I started my objection to all this Trump-as-a-victim talk by listing several aspects of his CHARMED LIFE, like the fact that he's lucky enough to have lived to a ripe old age (when so many of us die young), he was born wealthy (when
so many of us live our entire lives dirt poor), his stupid TV show was wildly successful (when so many of us are serial failures), his weaponized litigousness has benefited him throughout his life (when so many of us can't even afford a lawyer). Etc.
All that *privilege* has been bestowed upon him. And it seems, to me, he's squandered it all. He reminds me of those pitiful pictures of Saddam Hussein in court and then prison and then dead. Oh boo-hoo, poor little dictator being mistreated.

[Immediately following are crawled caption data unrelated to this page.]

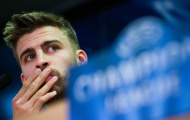 Pique chẳng xem Bayern ra gì
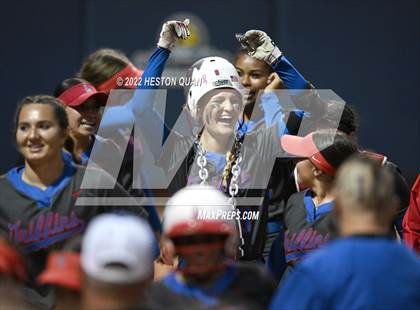 Thumbnail 1 in Roosevelt vs. Los Alamitos (CIF-SS D1 Final) photogallery.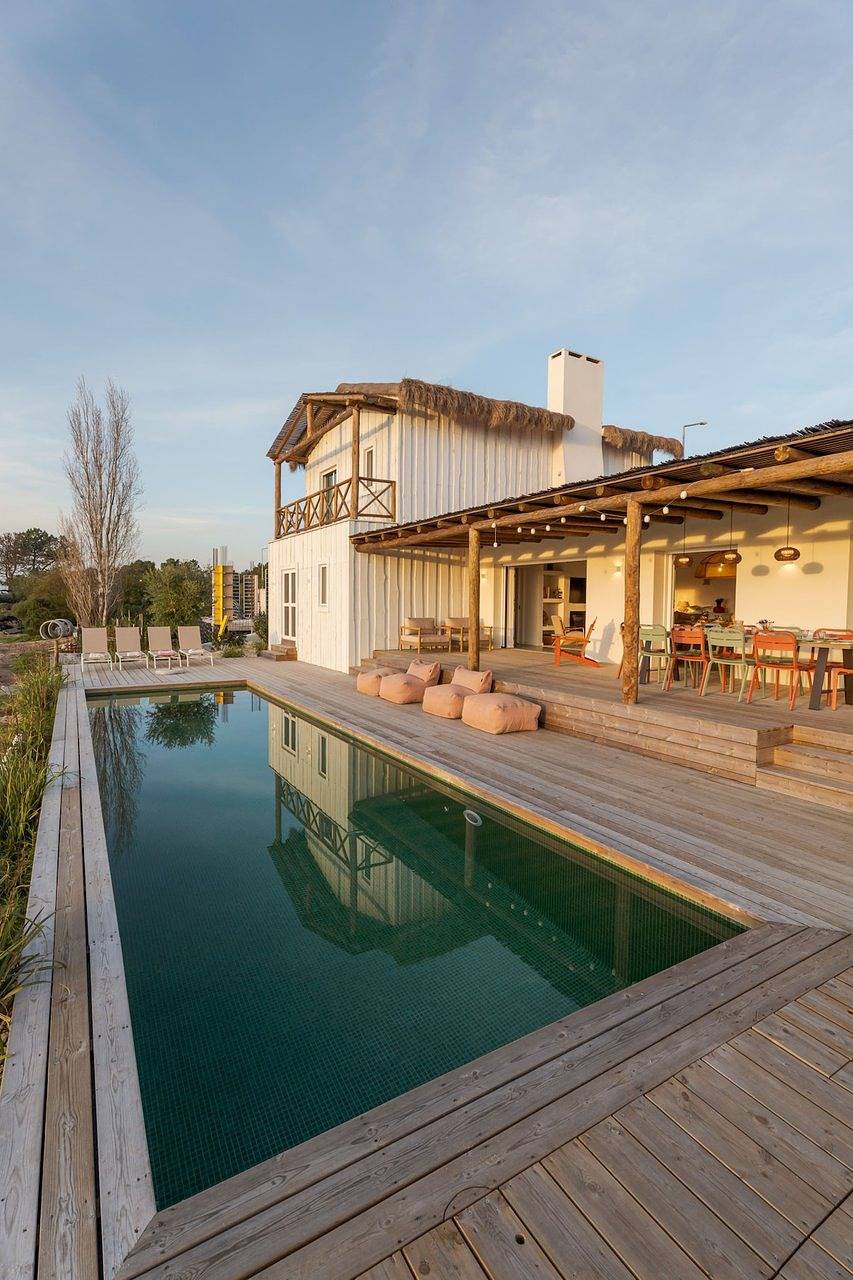 Casa Terracotta with Private Pool in Praia da Comporta, Comporta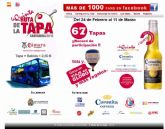 Los bares del Ensanche se unen a la V edicin de la Ruta de la Tapa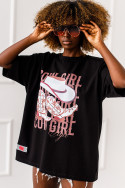 T - shirt Rodeo - czarny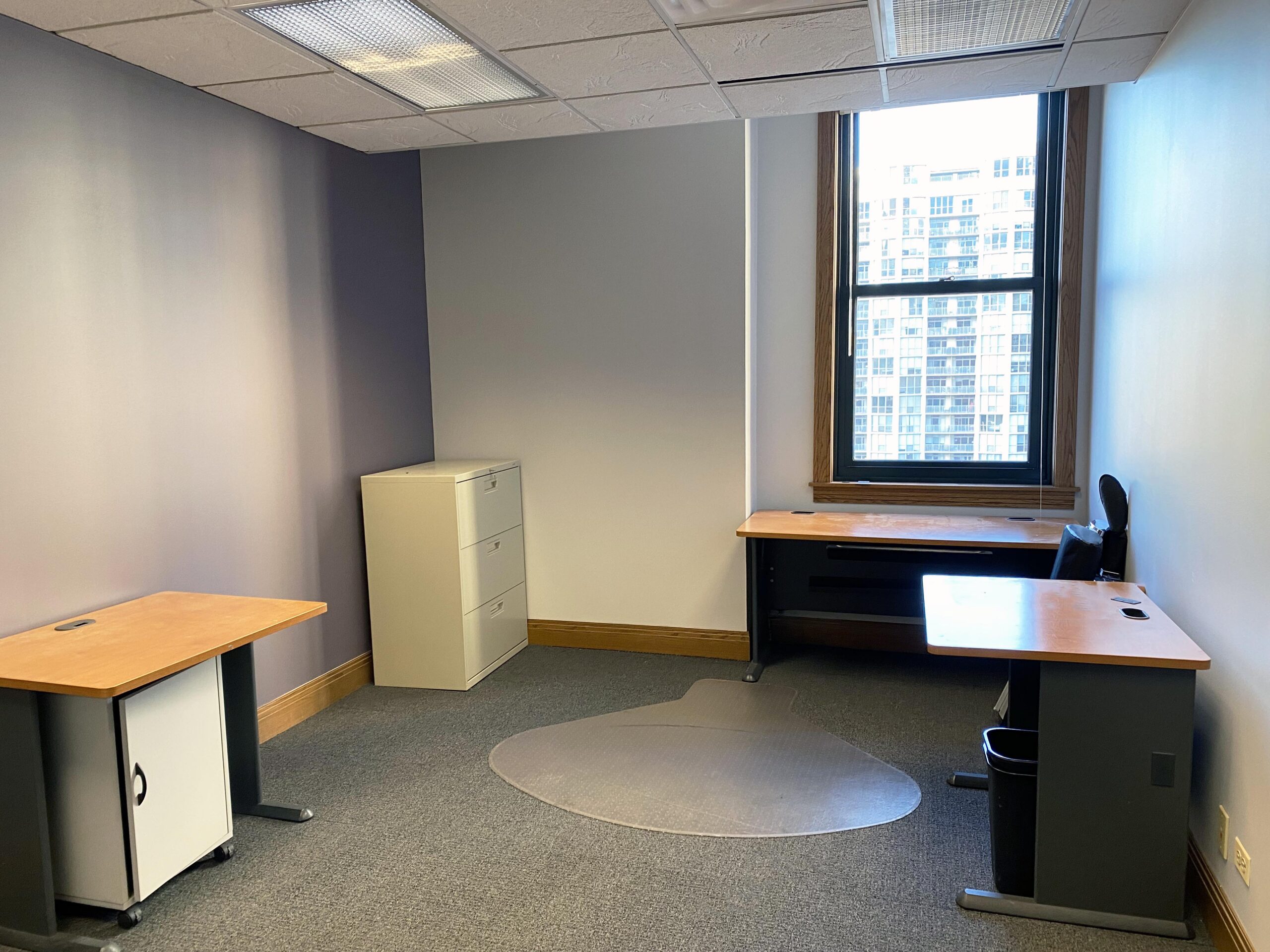 The Boyce Building Interior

Such sentiments are not merely weird to me. If game theory and the success of simplistic tit-for-tat has taught us anything, it is that the algorithmic *depth* required to beat straightforward (poetic) "justice" is academically interesting, but pragmatically
degenerate.
So, no. I will not waste any of my finite lifetime feeling sorry for poor lil ol Trump, our Privilege Squanderer in Chief. If that magically limits my ability to empathize in some other context, so be it. If it implies that when I die
pathetically, under some bridge, eating partial hamburgers from the Wendy's dumpster, my colleagues *rightly* avoid wasting their finite lifetimes feeling sorry for me, then I'm ready for that day. Like it or not, tu quoque is a fallacy.